We have to question God’s role with the Bible when reading passages that contribute horrific violence to a supposedly good God. I Samuel 15:3 says God told Israel: “Now go, attack the Amalekites… put to death men and women, children and infants, cattle and sheep, camels and donkeys.” There are many, many passages like this in the Old Testament. 

It is suggested the Bible is God’s infallible or inerrant words to us.

Why would a good God morally think or say the exact words above that command violence? Besides, how would God control the minds and words of the writers so not impacted by cultural influences that suggest it is sacrilegious to not speak of God being all-powerful and controlling?

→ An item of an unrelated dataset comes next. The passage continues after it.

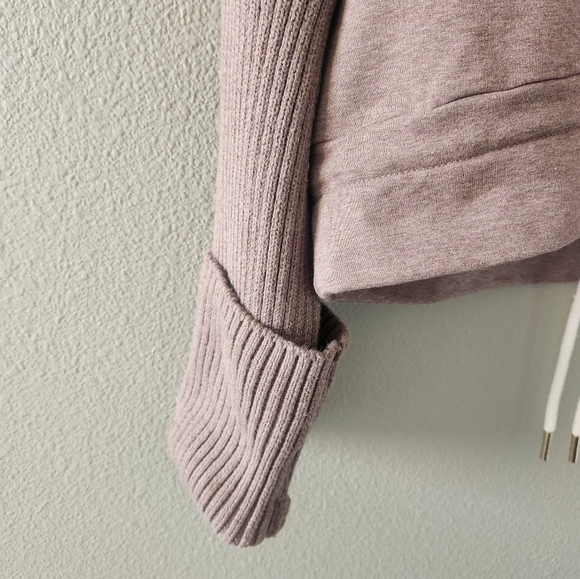 Varley Mauve Turtleneck Sweatshirt - Picture 4 of 16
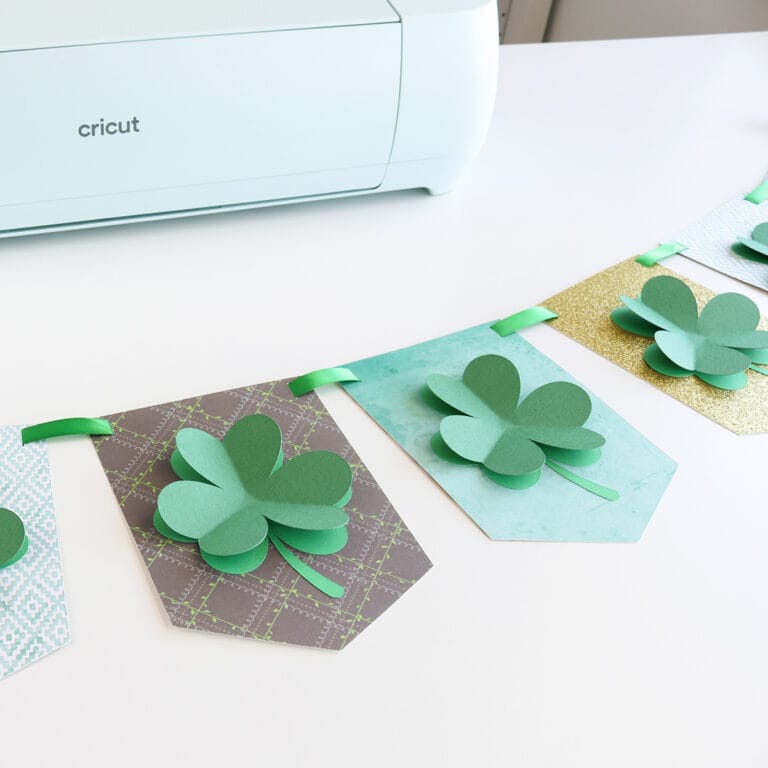diy shamrock banner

God’s freedom-giving nature doesn’t support God performing a lobotomy on OT writers. Something else must be going on.

It is suggested the Bible is inspired by God, though God didn’t necessarily override less than perfect views such as the earth being flat than round.

God inspiring the Bible implies God approved or motivated immoral views that contributed so much violence in God’s name. It is suggested God accommodated certain views, such as animal sacrifice, to freely bring to a better understanding of God’s desires. But, why would God accommodate rather than disclaim genocidal-like behaviors. Something else must be going on.

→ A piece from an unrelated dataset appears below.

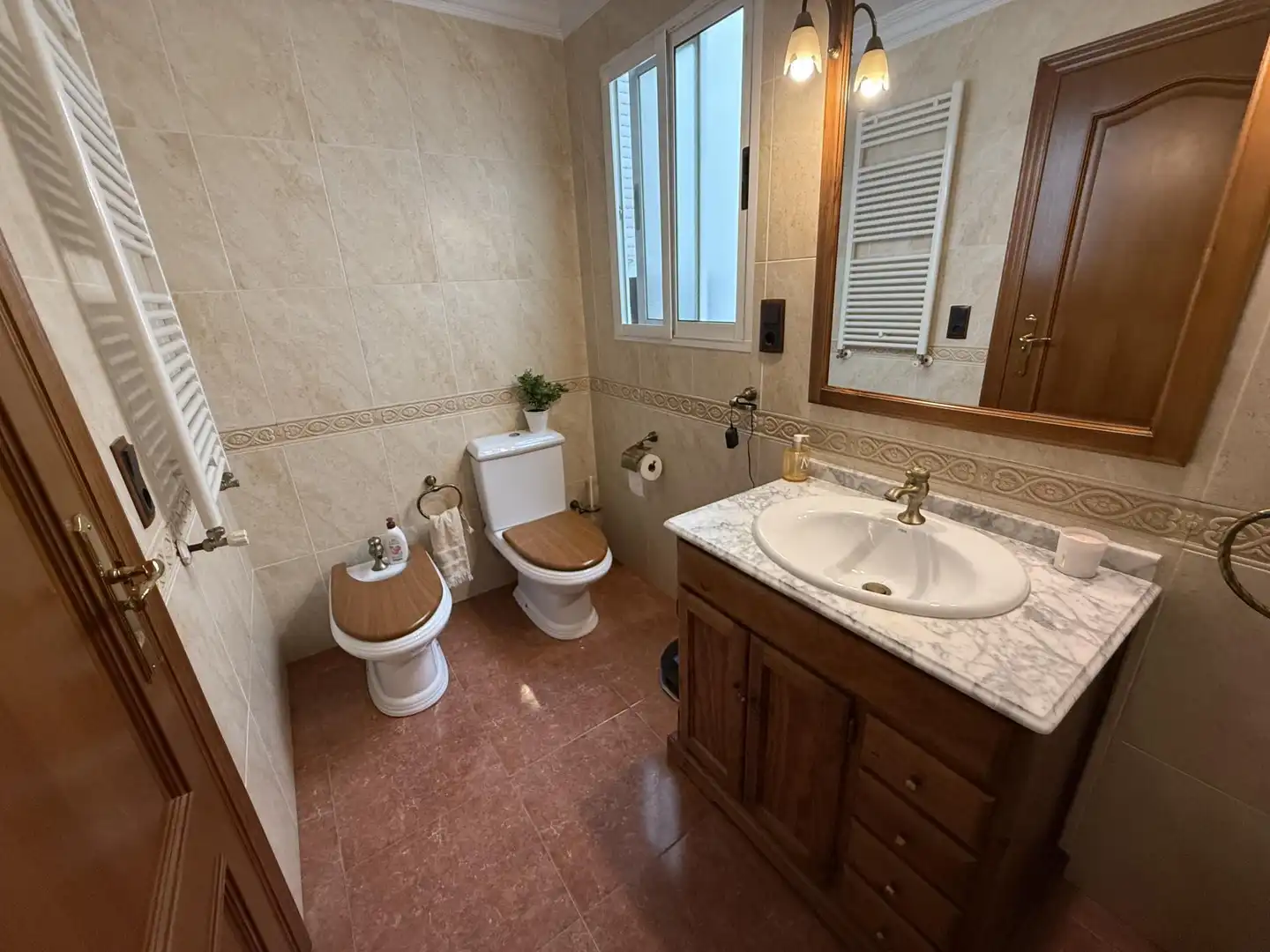Baño de Piso en venta en Navarrés con Aire acondicionado, Terraza y Balcón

It is suggested the Bible is God-breathed to possibly avoid using words like infallible or inspired.

2 Timothy 3:16 is the New Testament passage most frequently referred to suggest the Bible is God-breathed: “All Scriptures is God-breathed and is useful for teaching, rebuking, correcting and training in righteousness.” The challenge is God-breathe is subject to wide interpretation, thus not clarifying God’s possible role with the Bible.

I suggest the Bible simply represents God’s desire for a recording of coming alongside Israel climaxing in the life of Jesus in getting to know what God is really like.

We can’t prove whether the writers did or didn’t have perfect views of God, but it seems a moot point. The Bible can’t be an authoritative or definitive guide of what God is like exactly because we disagree what it says. Literature is always subject to interpretation, so even if you believe the Bible is God’s infallible words to us, our interpretations can never be infallible. We must approach the Bible with an open-mind and some uncertainty.

 So, how can we read the Bible?

God joined us here on earth with the communication means available so we may grow more in understanding what God is like and would do in situations. A Book can’t replace our relationship with God and others. God never intended for us to check our moral conscience at the door in considering what a loving God is truly like. Read the Bible with an open-mind motivated by love. Different opinions can stand side by side as we continually evaluate the most loving approach in circumstances we face. Is it better we threaten or force our supposed inerrant or inspired opinions on others in the name of God?